++++ Input material
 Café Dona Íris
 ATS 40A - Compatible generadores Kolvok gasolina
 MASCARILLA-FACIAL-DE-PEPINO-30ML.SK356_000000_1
++++++++
++++ Input material
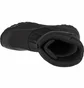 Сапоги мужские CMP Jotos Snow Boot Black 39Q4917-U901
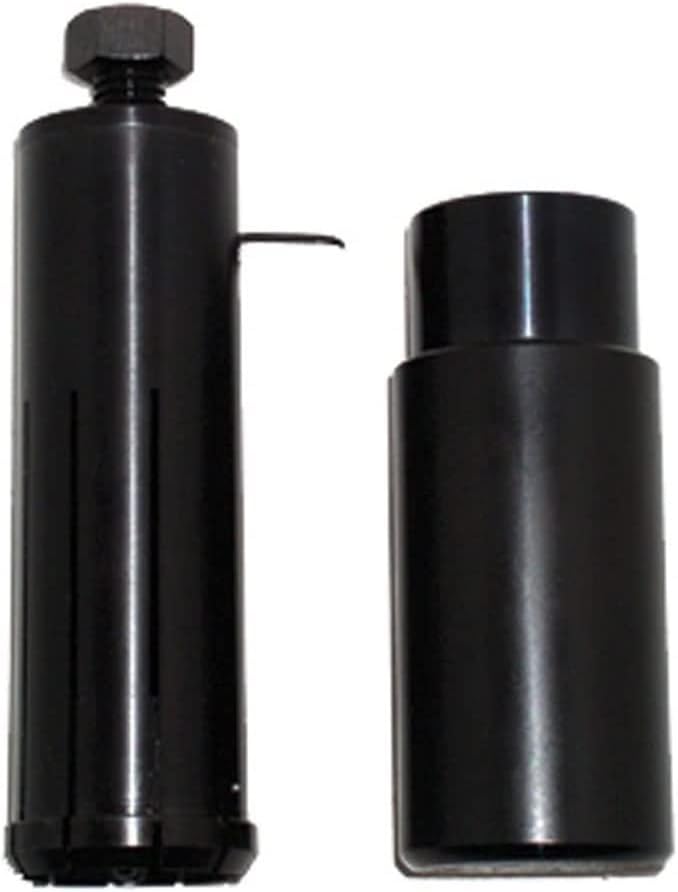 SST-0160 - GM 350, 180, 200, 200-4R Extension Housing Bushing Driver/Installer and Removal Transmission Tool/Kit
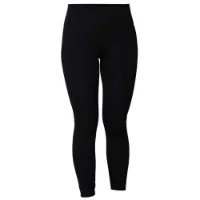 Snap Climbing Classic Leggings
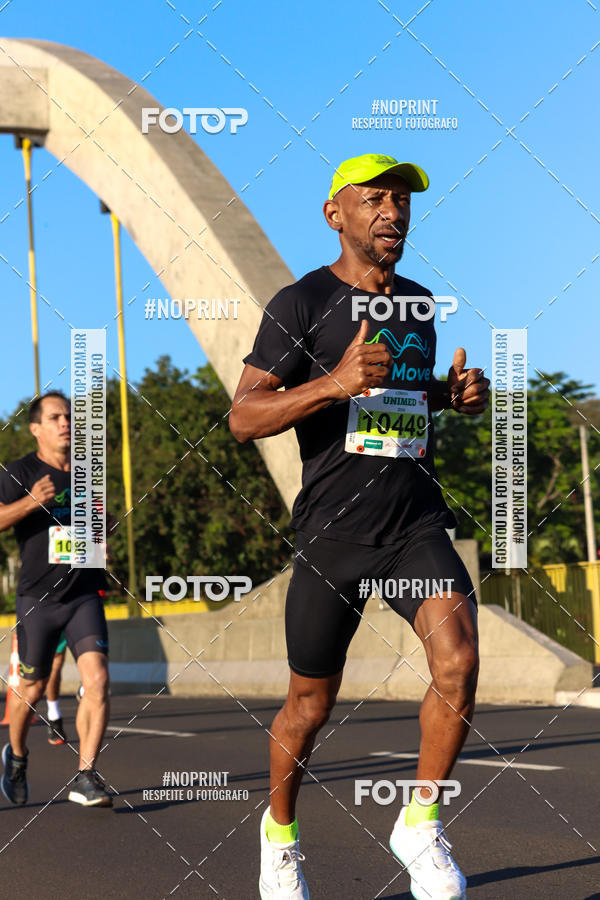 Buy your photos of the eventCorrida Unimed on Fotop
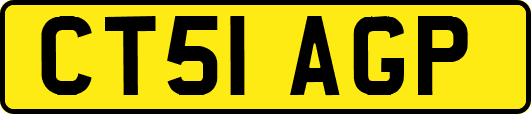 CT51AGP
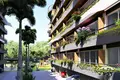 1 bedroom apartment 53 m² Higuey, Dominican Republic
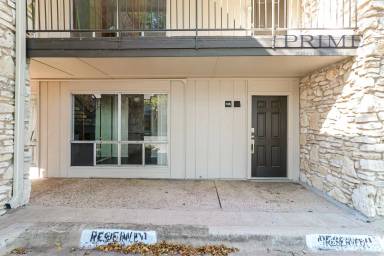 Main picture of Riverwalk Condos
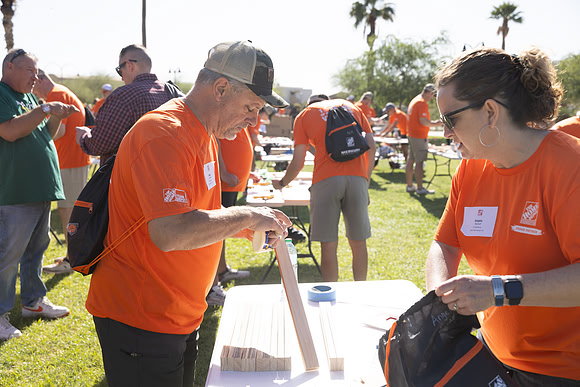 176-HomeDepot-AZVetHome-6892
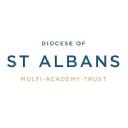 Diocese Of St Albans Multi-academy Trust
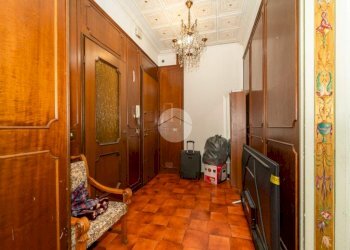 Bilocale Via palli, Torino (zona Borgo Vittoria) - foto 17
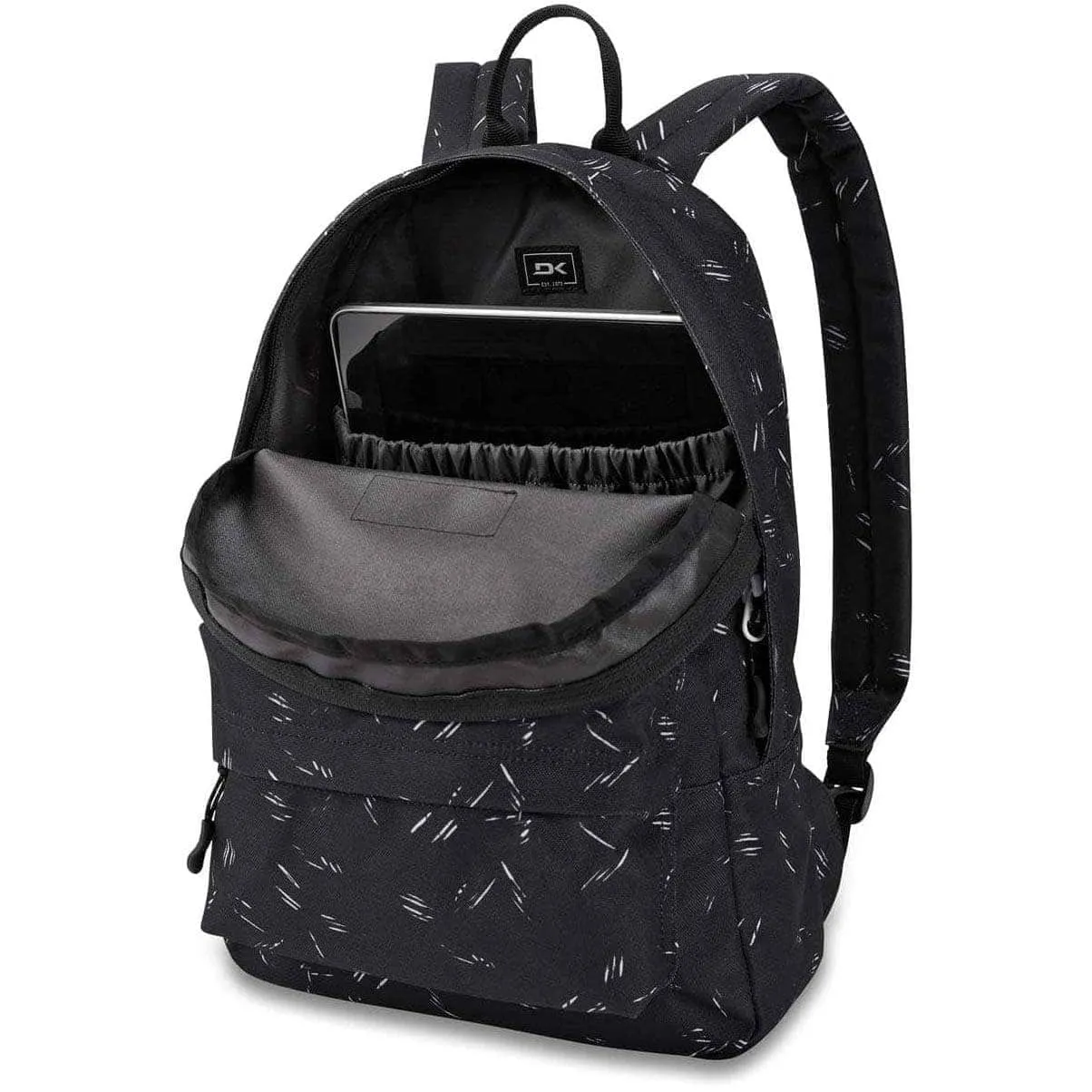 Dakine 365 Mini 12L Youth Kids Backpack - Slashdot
++++++++
++++ Input material
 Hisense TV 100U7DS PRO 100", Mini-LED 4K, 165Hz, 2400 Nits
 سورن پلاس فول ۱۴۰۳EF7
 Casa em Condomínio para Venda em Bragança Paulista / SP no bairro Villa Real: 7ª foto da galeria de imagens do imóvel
++++++++
[Work to be completed] Among the lines above, repeat exactly those from the line with "Café Dona Íris" to the line with "MASCARILLA-FACIAL-DE-PEPINO-30ML.SK356_000000_1", counting both ends.

[Task solution]
 Café Dona Íris
 ATS 40A - Compatible generadores Kolvok gasolina
 MASCARILLA-FACIAL-DE-PEPINO-30ML.SK356_000000_1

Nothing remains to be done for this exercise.